In 2014, the Compassionate Medical Cannabis Act passed, creating section 381.986, F.S. Under this law the Department of Health (“DOH”) was required to grant 5 nurseries licenses to dispense medical marijuana, 1 for each region in the state.1 The Department then promulgated rules under which a nursery could apply for a DO license, now referred to as an MMTC license.  Together, these laws and rules laid out the medical marijuana licensing scheme. In the 2015 application cycle, the DOH received a total of 28 and scored 26 applications for DO licenses.  Then, in 2016 Amendment 2 passed by 71.3%, which broadened the scope and use of medical marijuana in Florida and granted the DOH rulemaking authority under the Florida Constitution. Several of the applicants from the 2015 application cycle that were denied licenses have fought for and attained licenses thru litigation.
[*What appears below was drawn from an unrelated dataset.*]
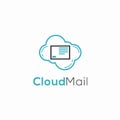 Cloud mail logo design concept Royalty Free Stock Photo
Recently, 7 out of the 8 losing applicants from 2015 filed Petitions in the Division of Administrative Hearings (“DOAH”) claiming that they should now be granted licenses.3 This is the aftermath of the Final Order in Nature’s Way v. DOH determining that the Department’s ranking as opposed to scoring method used in the 2015 application cycle is an invalid exercise of delegated legislative authority.2

During a special session held by the legislature in 2017, section 381.986, F.S., was significantly amended establishing a licensing protocol for 10 new MMTCs by October 3, 2017.  This amendment instructed the DOH to issue licenses to 10 new MMTC applicants that met the following four criteria: (1) Prior application; (2) Litigation or ranking within 1 point of the regional licensee; (3) Compliance with the law; and (4) Documentation of operational capacity within 30 days.

Based on these losing applicants scores from 2015, they did not qualify under the statute for a license because their scores were not within one point of highest scoring applicant in their region nor did they have ongoing litigation at the time the law was passed. After the Final Order in Nature’s Way, these losing applicants believe that because the scoring process was invalidated they fall within one point of the highest scoring applicant in their region. Further, as a backup argument, these losing applicants also have taken the position that because the Department’s scoring process was invalid the Department essentially deprived the applicants their right of knowing if they were within one point or not.

In these cases, the issue has also come up as to how many license spots are available. There is a debate as to whether there are no license spots available to these losing applicants, 2 license spots available which are the citrus preference license spots, and/or an additional 4 license spots available which open up as each 100,000 patients are registered. It is currently up to the Administrative Law Judge (“ALJ”) to determine how many license spots are available as well as whether to consolidate the cases. We will continue to update you as these cases progress.

End Notes:

  1. 986, Fla. Stat.
  2. Nature’s Way Nursery of Miami, Inc., v. Florida Department of Health, Case Nos. 17-005801RE; 18-000720RU; 18-000721.
  3. Dewar ., v. Florida Department of Health, Case No. 18-004463; Spring Oaks Greenhouses, Inc., v. Department of Health, Case No. 18-004471; Tree King-Tree Farm, Inc., v. Florida Department of Health, Case No. 18-004472; Perkins Nursery, Inc., v. Florida Department of Health, Case No. 18-004473; Bill’s Nursery, Inc., v. Florida Department of Health, Case No. 18-004474; Tropiflora, LLC v. Florida Department of Health, Case No. 18-004697; Deleon’s Bromeliads, Inc., v. Florida Department of Health, Case No. 18-004698.